Die Kernhandlung von «Bajass» ist schlank und rasch erzählt: Der Bauer und die Bäuerin des abgelegenen Gandhofs sind beim Holzen im Wald mit dem Spalthammer erschlagen worden. Gauch ermittelt. Das Dorf weiss nichts oder will nichts wissen. Zähes Ringen mit minimalen Indizien.
Nur der Totengräber gibt schliesslich aufgrund einer Fotografie einen Hinweis: auf einen illegalen Kinderknecht, der einst bei den Gandbauern wie ein Sklave gehalten wurde, italienisch sprach und seiner Kapriolen und Grimassen wegen «Bajass» genannt wurde.
Der Zufall und sein Gespür führen Gauch auf ein Auswandererschiff nach Amerika. Der junge Mann, «Bajass», befindet sich tatsächlich unter den Ärmsten der Armen auf dem Zwischendeck der «Liberté». Wie es ausgeht für Gauch und für den Jungen, kündigt sich früh an, bleibt aber trotzdem unkonventionell und überraschend.
Melancholischer Realist als Hauptfigur
Mehr Raum als die eigentliche Handlung nehmen in diesem Roman Schilderungen, Beschreibungen und Stimmungsbilder ein. In einer für Prosa schier vorbildlosen Verdichtung und mit beinahe schmerzhafter sprachlicher Präzision erfasst Steimann die himmeltraurige, kleinbäuerliche Lebenswelt und die matschige voralpine Frühjahrslandschaft. Desgleichen die schwere Gemütslage der Auswanderer, die alles aufgegeben haben – und doch nicht wissen, ob sie bei der Ankunft in Amerika überhaupt eingelassen werden.
Beherrscht werden der Roman und seine Hauptfigur, der schwerkranke Albin Gauch, von der Melancholie. Aber Gauch hat helle Momente: In einer kurzen Vision zieht er mit Zigeunern durch fremdes Land. Er liebt es, stundenlang in strudelndes Wasser zu blicken. Andererseits betrachtet und analysiert er die Welt mit der illusionslosen Klarheit des Atheisten und Realisten. Eine grandiose Spannung.
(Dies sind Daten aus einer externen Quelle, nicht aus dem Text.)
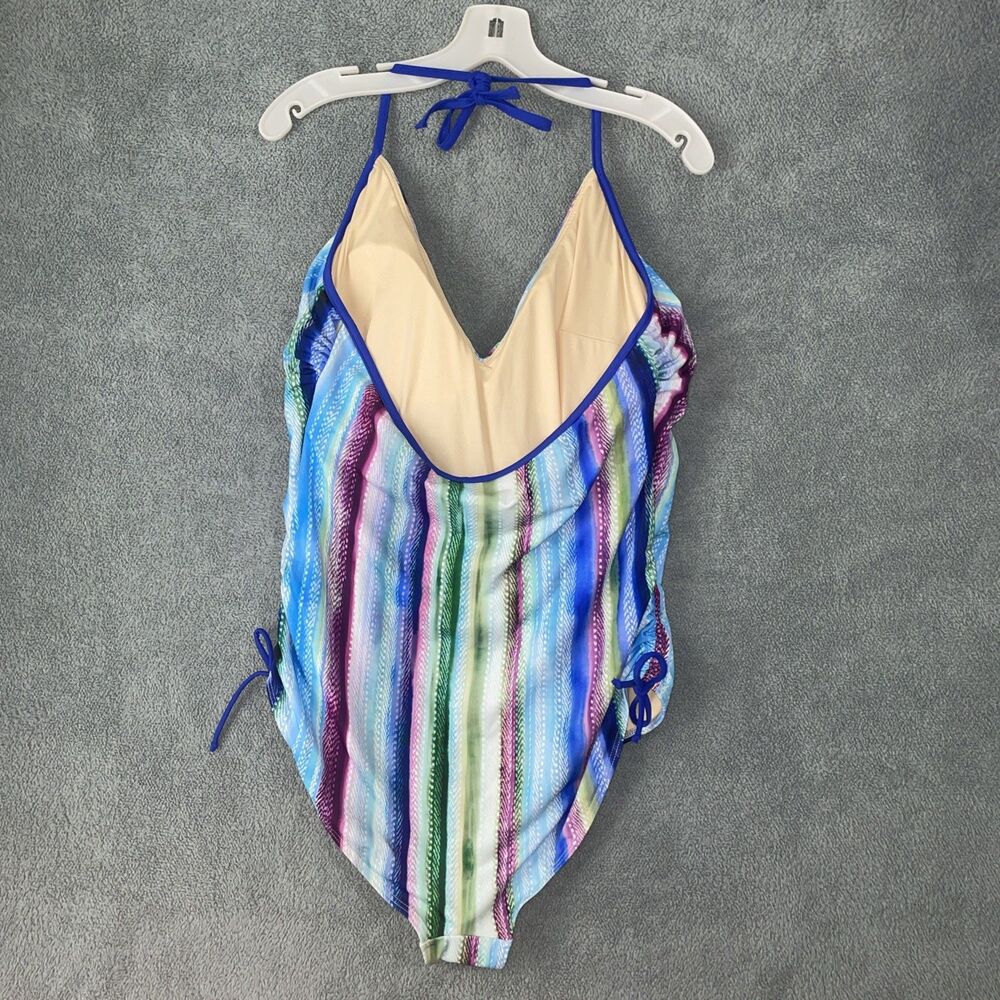 Swimsuits For All Swimsuit Womens 18 Blue One Piece Bathing Suit Beach Vacation - Picture 8 of 12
Eine Sprache wie reinste Poesie
Bloss 128 Seiten stark ist «Bajass». Aber Steimann entfaltet so viele Welten, Schicksale und Bilder in diesem Roman, dass er tausendseitig scheint. Der Reichtum kommt vom immensen Wortschatz des Autors: In jedem erdenklichen Fachgebiet ist er heimisch, sei es Holzfällen, Obduktion, Schiffsbau oder Bekleidung.
Dazu kommt, dass Steimann seine stark helvetisch gefärbte Schriftsprache 100 Jahre zurückversetzt, in die Zeit der Erzählung um 1910. Für Maultrommel benutzt er das veraltete Wort «Judenharfe», statt Flugzeug war damals «Aeroplan» gebräuchlich und das Sparbuch der Gandbauern ist von der «Leih- und Hülfscassa Suhrenamt». Praktisch jeder Satz ist getränkt mit der Zeit vor dem Ersten Weltkrieg.
Der unerträgliche Gegensatz von arm und reich
Diese fremd-vertraute Sprache zwingt einem zu aufmerksamer Lektüre, belohnt einen dafür mit einem Sog von Klang und Rhythmus. Die Poesie genügt aber nicht sich selber. Sie drückt die Liebe zur erzählerischen Präzision aus und nimmt letztlich, ganz ohne Verbrüderungsromantik, Partei für die Chancenlosen dieser Welt.
Die grösstmögliche Verdichtung der in diesem Roman ringenden Kräfte steckt aber im vollen Namen des Kriminalisten: Albin Justus Hektor Gauch. Wörtlich «der Weisse, Reine» (Albin), «der Gerechte» (Justus), «der Heldenhafte» (Hektor) und «der Narr» (Bedeutung des Dialektworts «Gauch»).